This is a real phenomenon: When women feel like outsiders, they lose interest. But when they feel like equals, gender is a nonissue. A 2007 Stanford University study examined this by collecting a group of STEM majors and asking their opinion on a STEM “summer leadership conference.” Some were shown a video of the conference that depicted the gender ratio as 1:1, some were shown an accurate depiction of STEM gender differences: 3 men for every woman. The men and women who saw the video with no gender differences were both equally interested in attending the conference, but the women who saw the unbalanced video showed signs of “psychological vigilance,” less interest and less conviction that they belonged in their field at all. Because awareness of the status quo is perpetuating unbalance for many generations to come, the need to present the STEM fields as if they are equally accessible to men and women is dire.
Respect the Women in Academia and STEM Fields
Anyone who’s ever heard of ‘mansplaining’ knows that being a professional woman comes with extra helpings of condescension and exclusion. Cordelia Fine’s book Delusions of Gender gives many examples:
Female engineers whom men assumed were administrative assistants; senior women assumed to be the most junior person in the room; double takes in the meeting room at the sight of a woman… a woman in a senior engineering position blogged that “many of our clients think I’m in the meetings to take notes for the men… some even apologize for boring me with the technical discussions, assuming I have no idea what they’re talking about.”

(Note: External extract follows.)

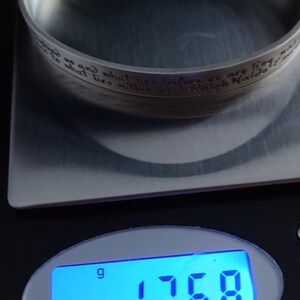 May include: A silver cuff bracelet with an engraved quote by Ralph Waldo Emerson, weighing 17.68 grams. The bracelet is on a digital scale, showing the weight in grams. The text on the bracelet reads: "...what lies before us and what lies within us..."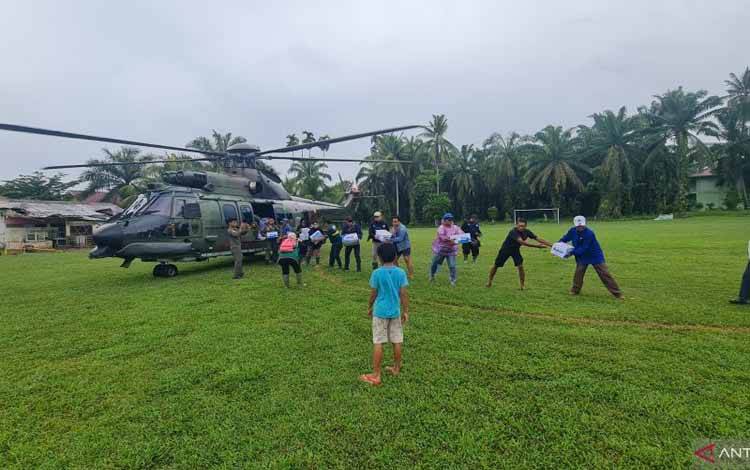 TNI bersama masyarakat memindahkan bantuan kepada korban terdampak bencana yang diangkut menggunakan helikopter di Sumatera Barat. Antara/HO-Humas Lanud Sutan Sjahrir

This hostile environment, which only gets worse towards the top of the ladder, is actively driving women away from male-dominated careers. A study conducted by the Center for Work-Life Policy found that “the top two reasons why women leave [their science careers] are the hostile macho cultures — the hard hat culture of engineering, the geek culture of technology or the lab culture of science … and extreme work pressures.”
Part of respect is earning fair wages. This graphic shows how the relative value of a woman’s degree decreases as she becomes more educated. With each successive degree, the average woman gets a smaller and smaller percentage of the benefit her male counterpart would receive. The more we rise “above our place,” the less we are relatively valued.
Some, but certainly not all, of the difference can be found in the way that women are socialized to think of themselves as poorly suited for some higher-paying jobs. If we begin to remove this barrier by putting an end to untrue stereotypes and mistreatment of professional women, the gap will get smaller as more women are welcomed into STEM careers.